== RECORDS TO USE ==
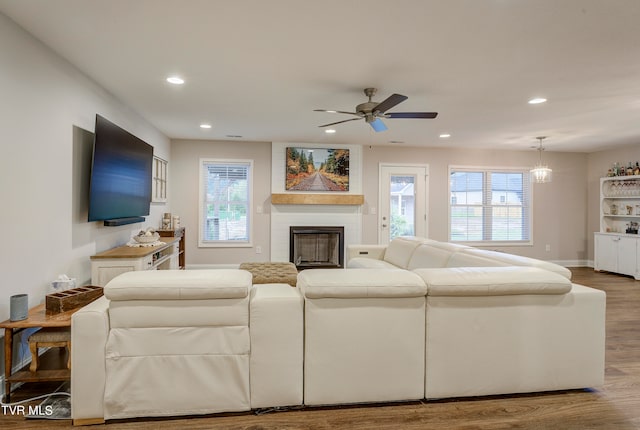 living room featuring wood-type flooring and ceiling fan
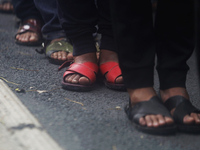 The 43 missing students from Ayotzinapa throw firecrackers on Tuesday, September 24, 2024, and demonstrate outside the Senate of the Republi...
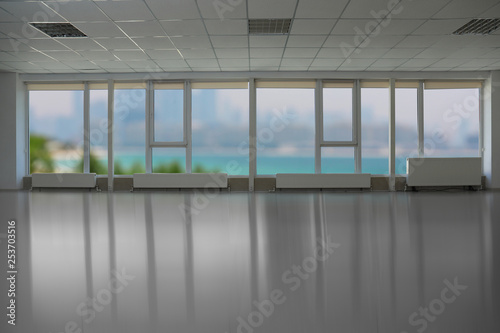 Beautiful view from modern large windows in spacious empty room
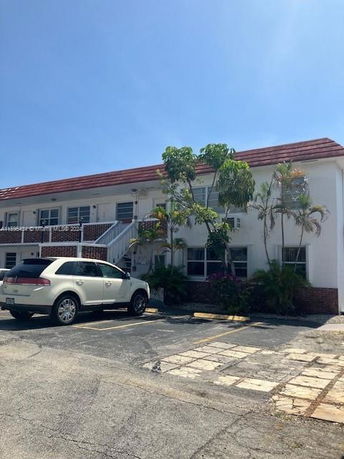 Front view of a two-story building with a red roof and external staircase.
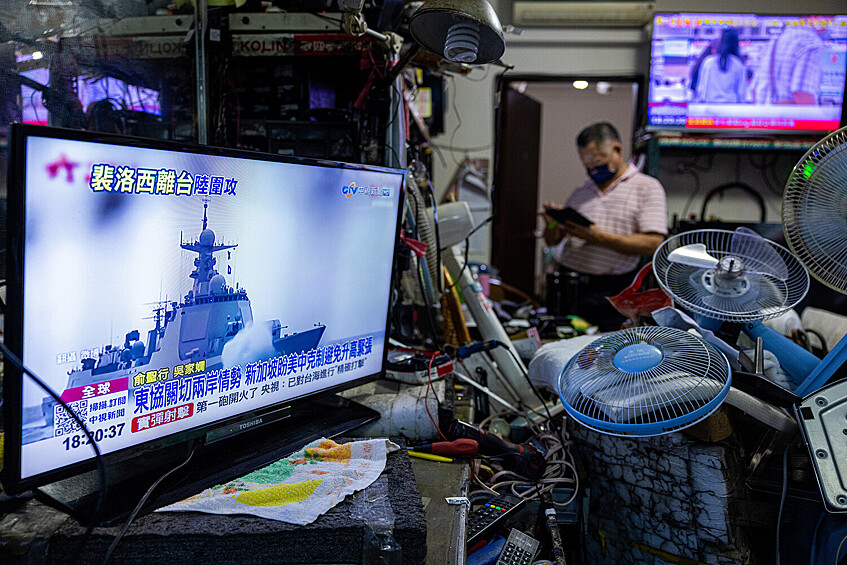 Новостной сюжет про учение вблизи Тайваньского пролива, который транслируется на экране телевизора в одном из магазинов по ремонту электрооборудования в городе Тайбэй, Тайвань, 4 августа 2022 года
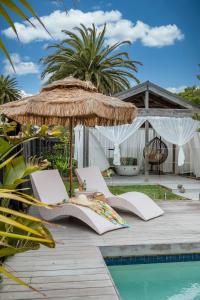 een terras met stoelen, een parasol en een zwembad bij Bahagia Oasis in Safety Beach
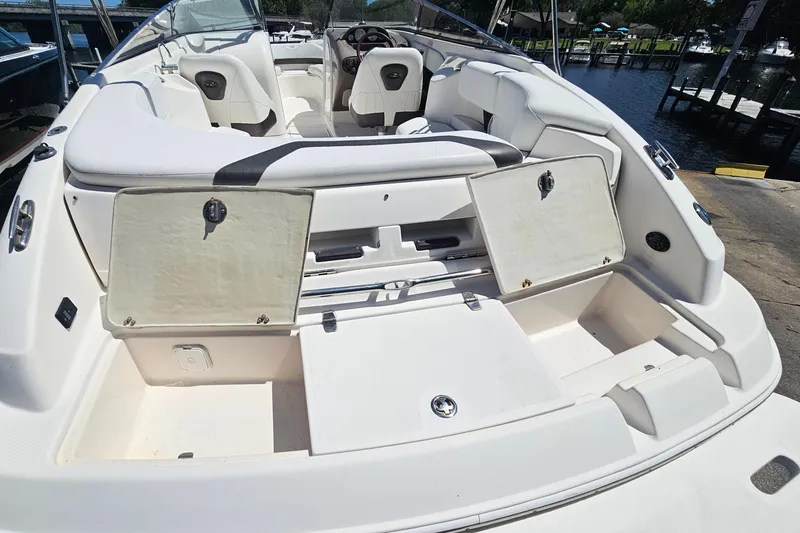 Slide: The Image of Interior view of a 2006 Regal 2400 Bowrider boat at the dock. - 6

...

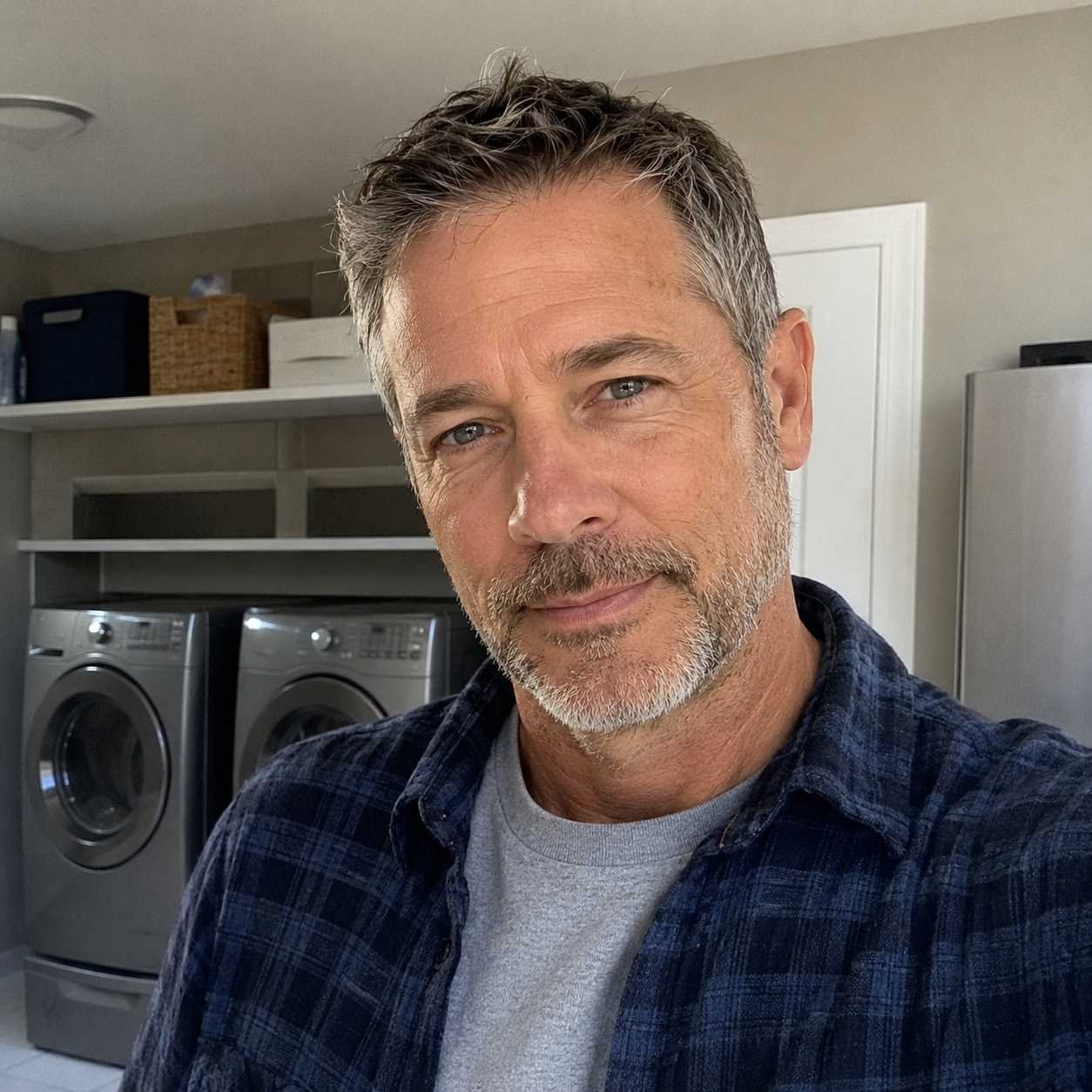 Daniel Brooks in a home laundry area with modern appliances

--

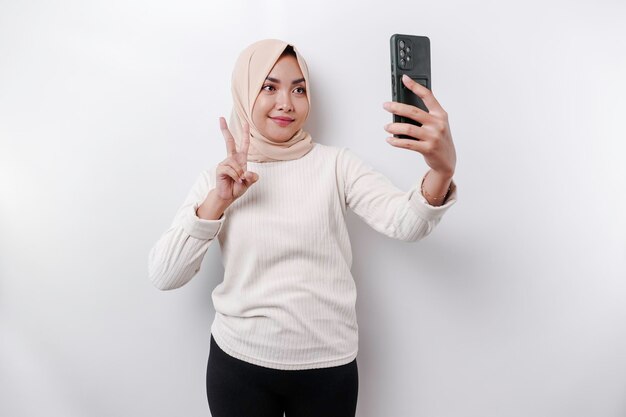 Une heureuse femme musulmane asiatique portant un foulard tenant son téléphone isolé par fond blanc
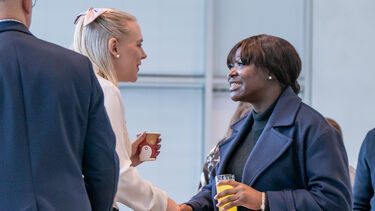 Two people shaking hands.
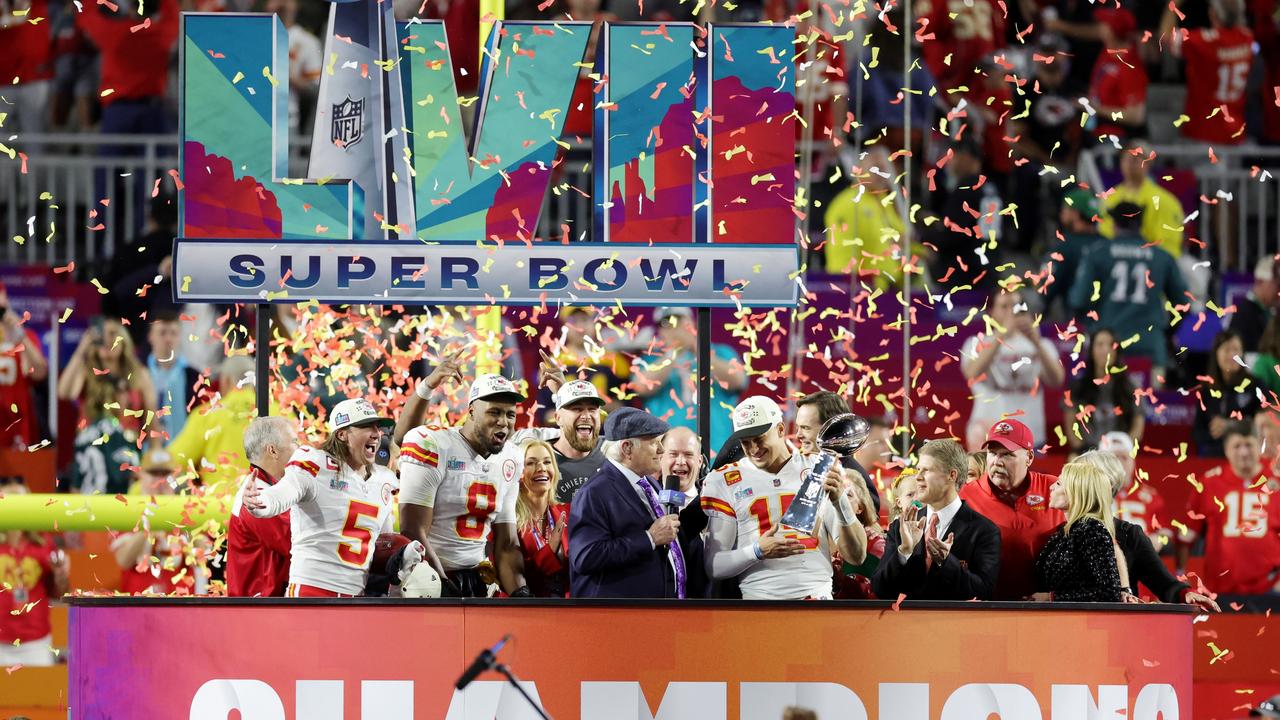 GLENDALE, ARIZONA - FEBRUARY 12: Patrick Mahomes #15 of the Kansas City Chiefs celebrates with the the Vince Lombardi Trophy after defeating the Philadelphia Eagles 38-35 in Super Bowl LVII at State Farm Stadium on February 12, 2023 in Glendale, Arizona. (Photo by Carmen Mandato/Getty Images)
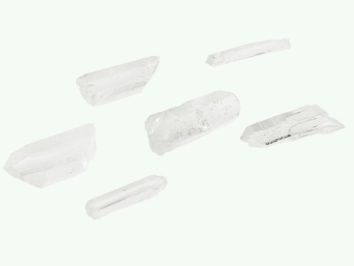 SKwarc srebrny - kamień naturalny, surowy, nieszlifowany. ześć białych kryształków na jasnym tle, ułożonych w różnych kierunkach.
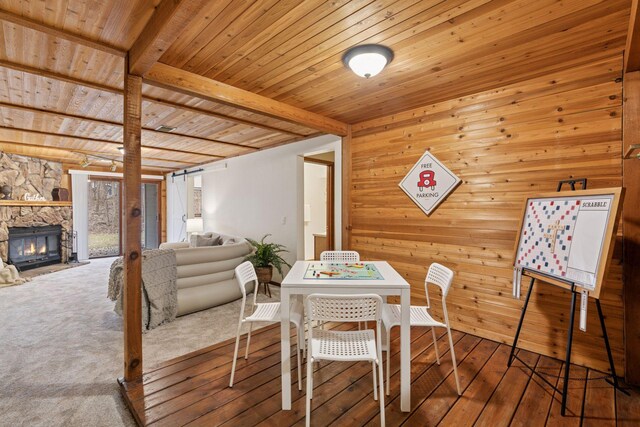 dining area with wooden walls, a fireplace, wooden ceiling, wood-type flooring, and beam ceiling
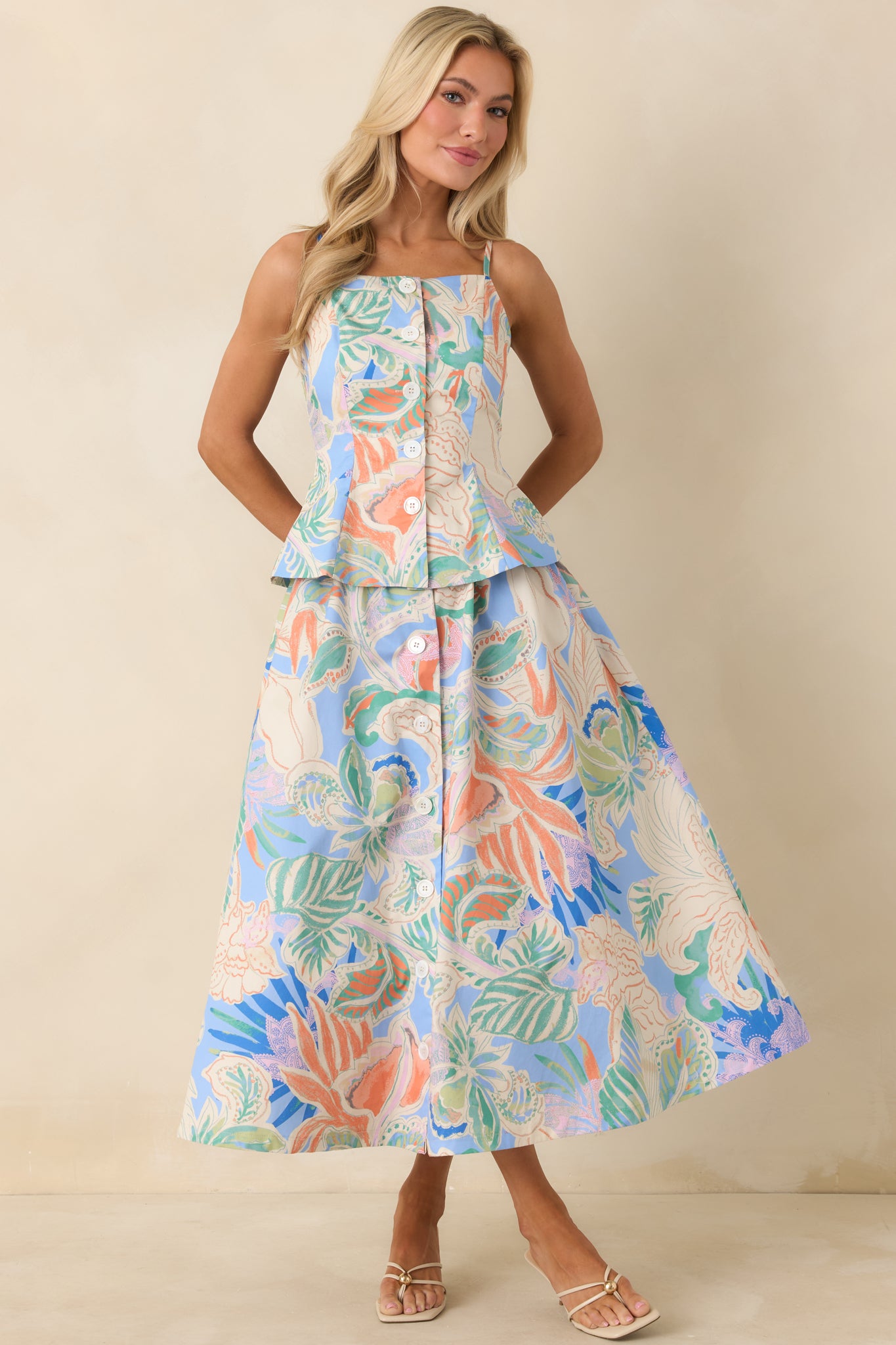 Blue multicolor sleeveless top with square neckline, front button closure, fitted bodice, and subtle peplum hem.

== AIM OF THE TASK ==
An exact copy of the lines above from the one with "living room featuring" up to and including the one with "Slide: The Image" is required; reproduce only those lines, omitting all pictures.

== THE ANSWER ==
 living room featuring wood-type flooring and ceiling fan
 The 43 missing students from Ayotzinapa throw firecrackers on Tuesday, September 24, 2024, and demonstrate outside the Senate of the Republi...
 Beautiful view from modern large windows in spacious empty room
 Front view of a two-story building with a red roof and external staircase.
 Новостной сюжет про учение вблизи Тайваньского пролива, который транслируется на экране телевизора в одном из магазинов по ремонту электрооборудования в городе Тайбэй, Тайвань, 4 августа 2022 года
 een terras met stoelen, een parasol en een zwembad bij Bahagia Oasis in Safety Beach
 Slide: The Image of Interior view of a 2006 Regal 2400 Bowrider boat at the dock. - 6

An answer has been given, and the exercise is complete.